小林信彦の週刊文春の連載なんだけど、このところものが憑いたかのように「桐島、桐島・・・」なのである。もう2回観にいって、こんどまた観にいくつもりだそうだ。
そこまで言われたら、わたしも観にいきますよ、そりゃ。
もともと9月1日に観にいくつもりだったのだけれど、読みかけだったポール・オースターの『トゥルー・ストーリーズ』と、ツヴァイクの『女の二十四時間』がすごくよかったので、前夜、つい夜更かししてしまって、寝過ごしてしまった。
そうこうするうちに、あちこちで評判になって、そうなると、いろんな雑音も耳に入り、誰が言ったか‘校内ヒエラルキー’なんて、ぞっとしないような、ぞっとするような、ざらっとする言葉がひっかかって、なんだかなぁって。

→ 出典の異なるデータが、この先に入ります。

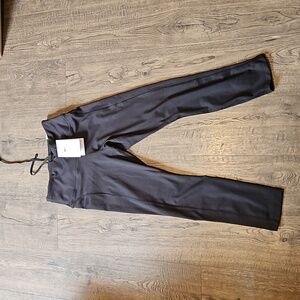 Nike Fast Women's Mid Rise Crop XS Running Leggings. NWT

じっさいの映画には、そんな言葉ぜんぜん出て来ないじゃないかよ。気持ちの悪い造語やめてほしいんだよね。(それとも原作にあるのかな?)
しかし、なんとなく敬遠してしまった理由はそれだけではない。世代的な遠慮っていうのか、どうもこの映画は、いま現役の10代の人たちにとって、きっと大事な映画になる予感がした。
だからって、おっさんが観ちゃいけないって理由もないのだけれど、微妙にバリヤを感じたというところ。
そこにこの小林信彦の登場なのでね。しかし、小林信彦という人はやはりすごいわ。昭和ひとけたで「桐島、部活」大絶賛はやっぱりすごいんじゃないの。
いま、もういちど今週の「本音を申せば」を読み返してみて、にやりとくるところがあった。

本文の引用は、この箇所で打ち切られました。